1.6. Dropout

1.6. Dropout#

Dropout is a regularisation technique that randomly sets a fraction of input units to zero during training. By temporarily removing neurons and their connections, the network becomes less dependent on specific features, improving its ability to generalise to unseen data.

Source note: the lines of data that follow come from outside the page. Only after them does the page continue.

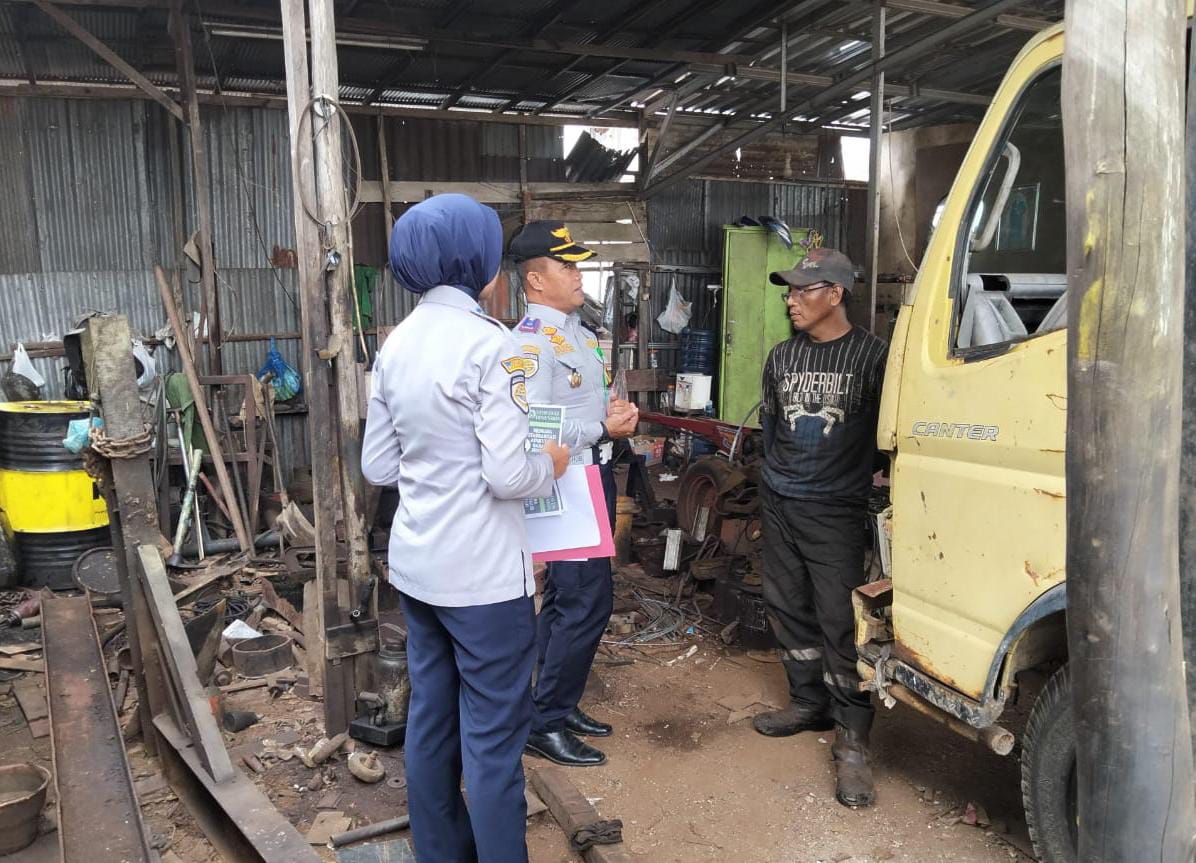 PEMERIKSAAAN: Dishub Banjarbaru melakukan pemeriksaan terhadap delapan bengkel karoseri yang beroperasi di Banjarbaru.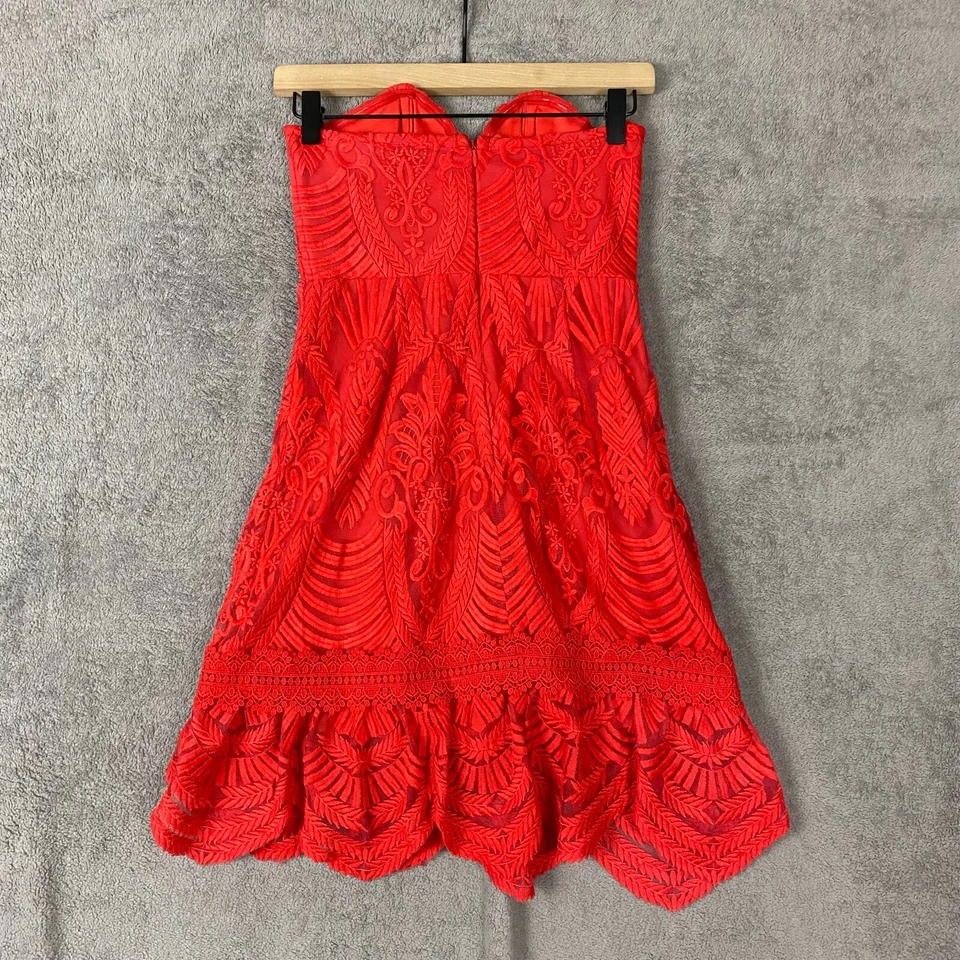 Forever 21 Contemporary MIni Dress Women's Red Lace Embroidered Strapless A-Line - Изображение 2 из 4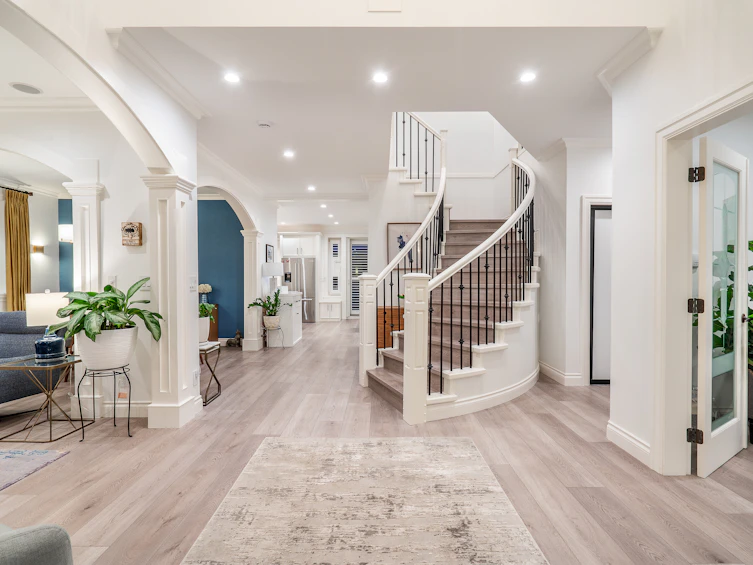 559 E 4th Street, North Vancouver, BC, V7L 1J7 - 4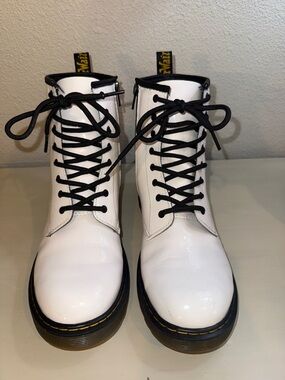 Dr. Martens White Lace-Up Combat Boots with Side Zippers & Black Accents 7L(6M)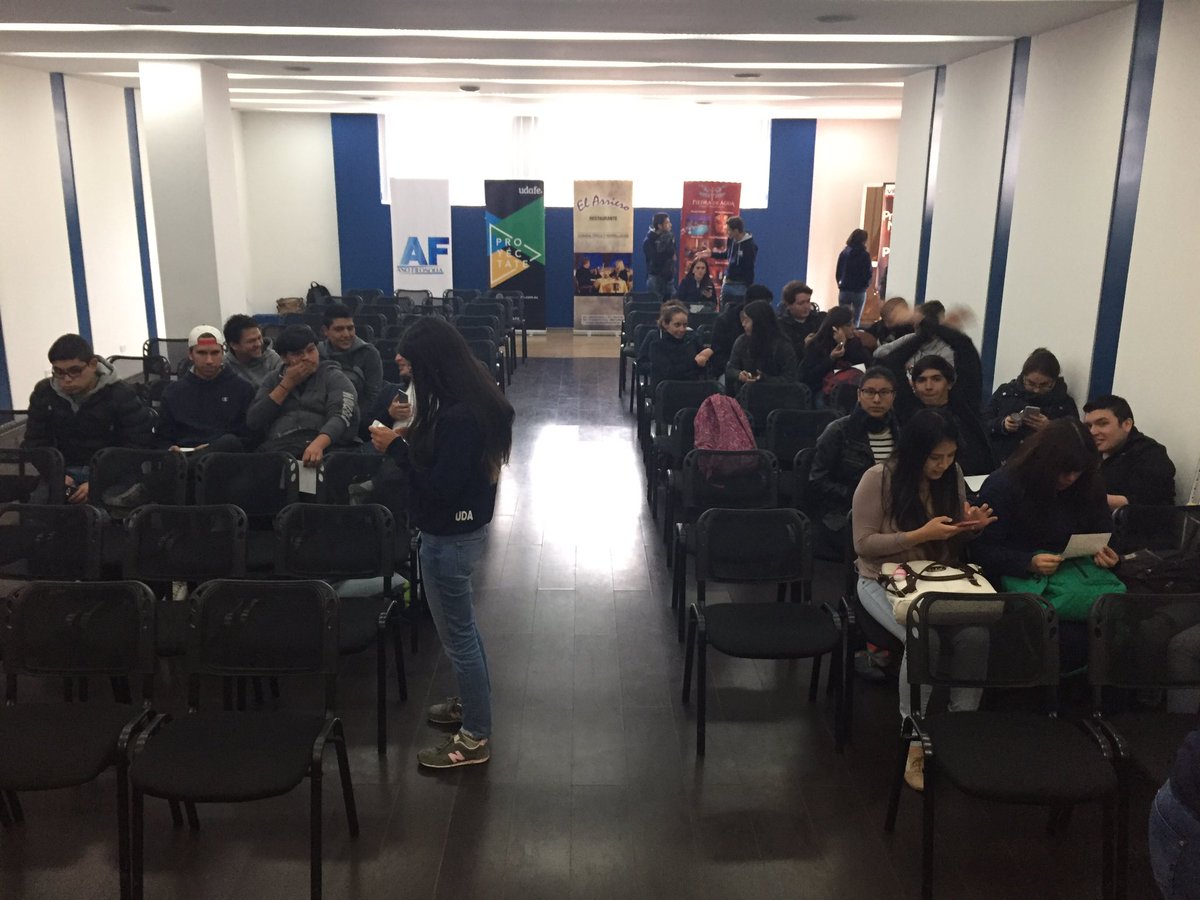 tintatinto's tweet photo. Para que su espera sea entretenida tendremos dos charlas con @ceciliaugalde y una sorpresa #TintaTinto #TTDeViaje https://t.co/eboql4ak4a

Dropout is a simple yet powerful method to reduce overfitting. It works by preventing the co-adaptation of neurons—forcing them to learn more robust and independent representations. The method was introduced by Hinton et al. (2012) in their paper Improving neural networks by preventing co-adaptation of feature detectors.

Key points:

Dropout is enabled only during training (model.train()).
During evaluation (model.eval()), dropout is disabled.
When active, dropout scales the remaining neurons to maintain the same expected output sum.
The dropout probability p controls how many neurons are randomly turned off (e.g., p = 0.5 drops half of them).

0. Preparation#

import torch
import torch.nn as nn

# Create a simple tensor (batch of 1 sample, 6 features)
x = torch.tensor([[1., 2., 3., 4., 5., 6.]])
print("Input tensor x:")
print(x)

Input tensor x:
tensor([[1., 2., 3., 4., 5., 6.]])

# Define dropout layer
dropout_prob = 0.5  # fraction of neurons to drop
drop_nodes = nn.Dropout(p=dropout_prob)

1. Train mode#

# Enable training mode to activate dropout
drop_nodes.train()
y_train = drop_nodes(x)

print("Output after Dropout (training mode):")
print(y_train)

Output after Dropout (training mode):
tensor([[ 0.,  4.,  6.,  8., 10.,  0.]])

Notice that some values are set to 0, and the remaining values are scaled by \(\frac{1}{1-p}\) to maintain the expected sum. Here p = 0.5, so the non-dropped values are multiplied by 2.

2. Eval mode#

# Evaluate mode (Dropout disabled)
drop_nodes.eval()
y_eval = drop_nodes(x)

print("Output in evaluation mode (no dropout applied):")
print(y_eval)

Output in evaluation mode (no dropout applied):
tensor([[1., 2., 3., 4., 5., 6.]])

Summary#

Training mode: Randomly drops units according to probability p and scales remaining ones.
Every run drops different neurons, introducing variability and regularisation.
Evaluation mode: No units are dropped; tensor passes through unchanged.
Dropout is commonly applied after fully connected layers or after activations in a neural network.

Takeaway: Dropout prevents the network from relying too much on specific neurons, which helps reduce overfitting.